• **Description of the task**:
Only the text of the entries below should be returned, exactly as given, without pictures.

##############################

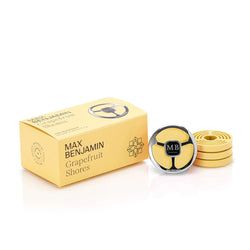 Formaat – Autoparfum Cadeauset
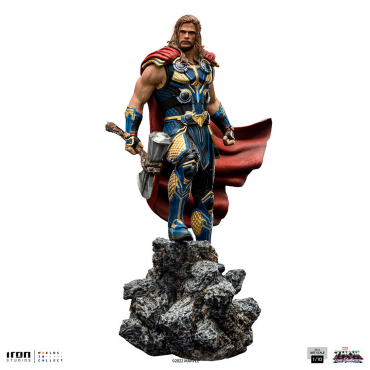 Marvel - Figurine Thor...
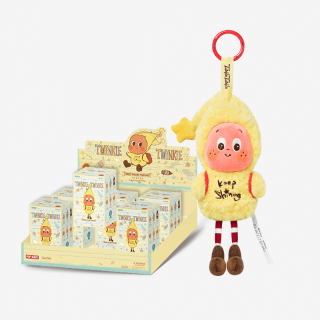 Twinkle Twinkle Little Devil Star - POP MART (Japan)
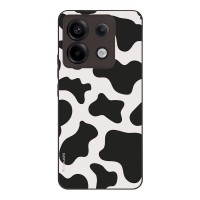 Θήκη Sonique Animal Print Series για Xiaomi Redmi Note 13 Pro 5G / Poco X6 5G Cow 01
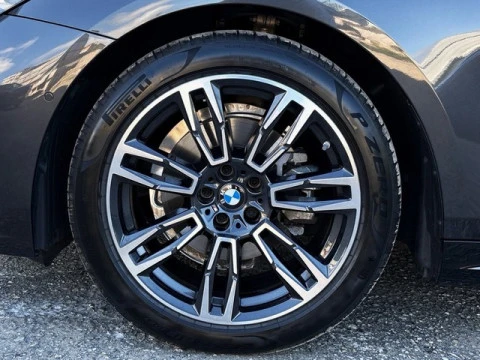 BMW Serie 5 520d xDrive 145 kW (197 CV)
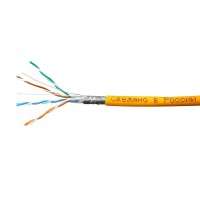 FTPнг-LSZH 4x2x0,51 Cu Premium 305 (SkyNet)(1693127). Кабель «витая пара» (LAN) для структурированных систем связи. SkyNet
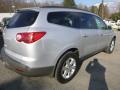 2010 Traverse LT AWD #7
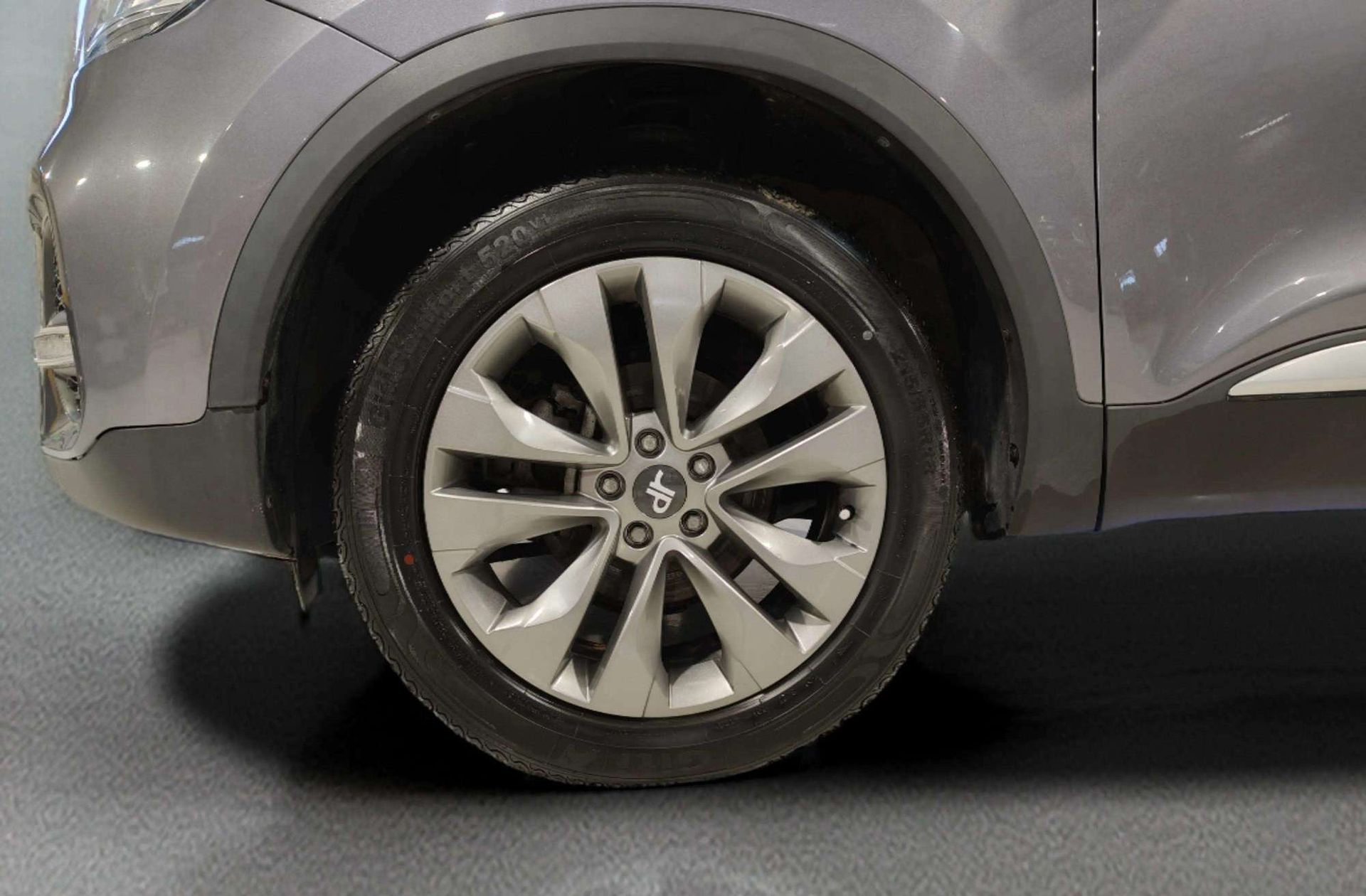 DR AUTOMOBILES DR 4.0 DR4 1.5 - foto 33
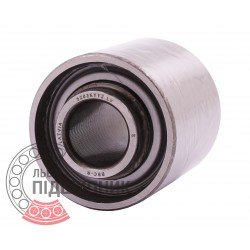 5203 KYY2 [BBC-R Latvia] Double row angular contact ball bearing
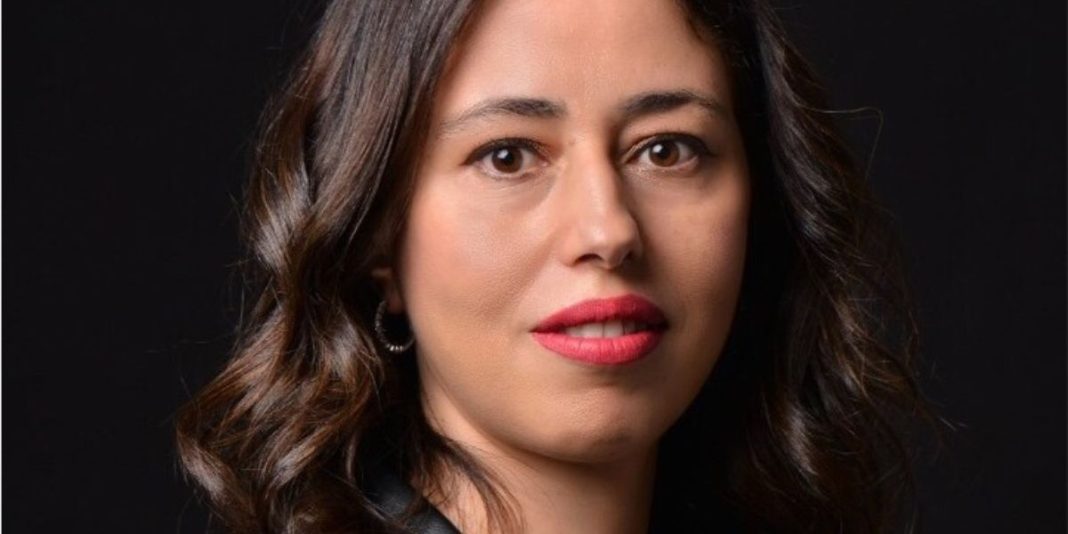 siham el machtani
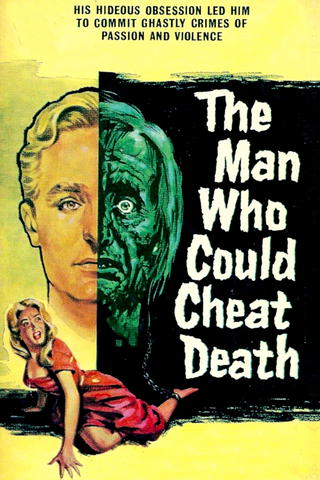 The Man Who Could Cheat Death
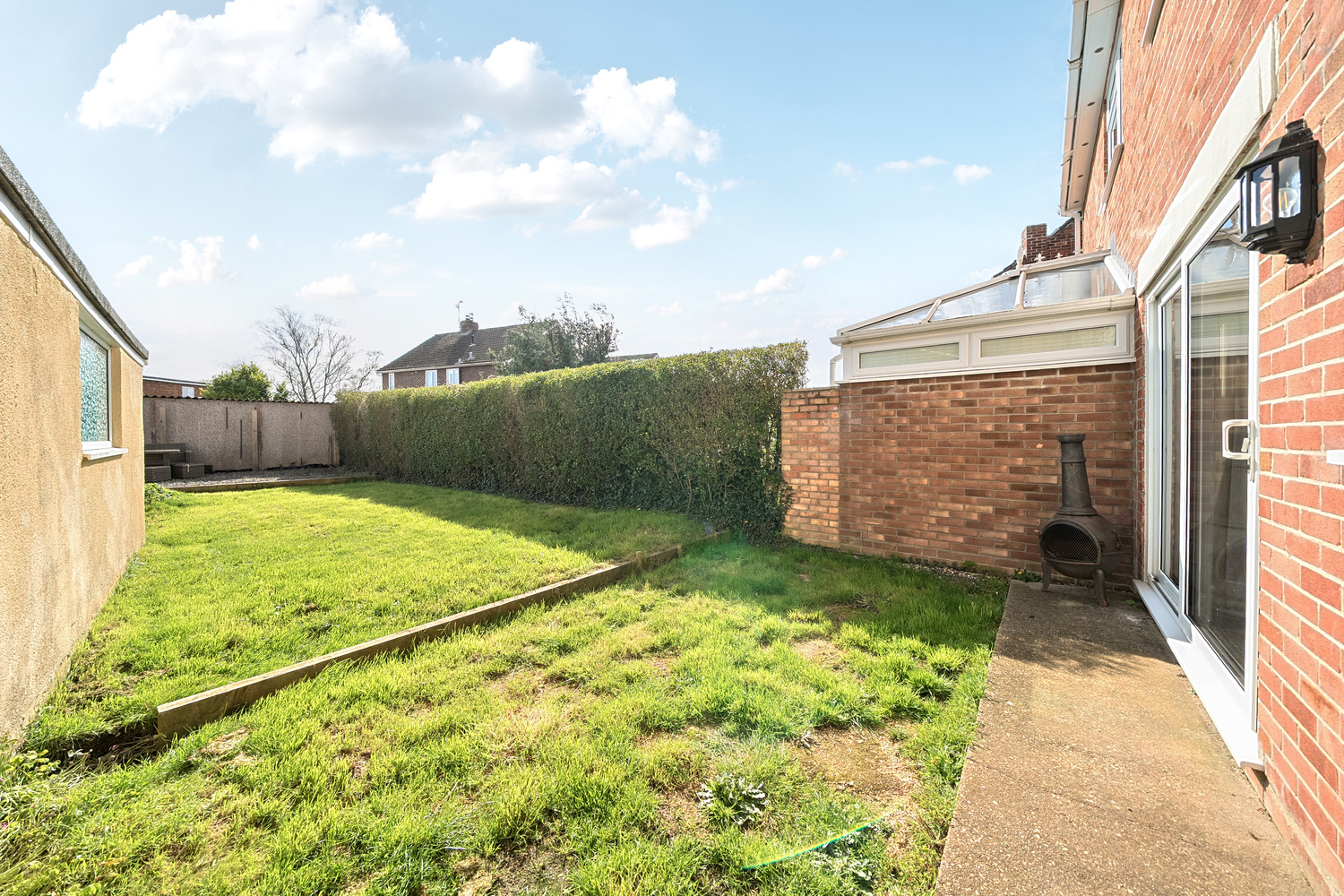 Essex Drive, Taunton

##############################

• **Exercise answer**:
 Formaat – Autoparfum Cadeauset
 Marvel - Figurine Thor...
 Twinkle Twinkle Little Devil Star - POP MART (Japan)
 Θήκη Sonique Animal Print Series για Xiaomi Redmi Note 13 Pro 5G / Poco X6 5G Cow 01
 BMW Serie 5 520d xDrive 145 kW (197 CV)
 FTPнг-LSZH 4x2x0,51 Cu Premium 305 (SkyNet)(1693127). Кабель «витая пара» (LAN) для структурированных систем связи. SkyNet
 2010 Traverse LT AWD #7
 DR AUTOMOBILES DR 4.0 DR4 1.5 - foto 33
 5203 KYY2 [BBC-R Latvia] Double row angular contact ball bearing
 siham el machtani
 The Man Who Could Cheat Death
 Essex Drive, Taunton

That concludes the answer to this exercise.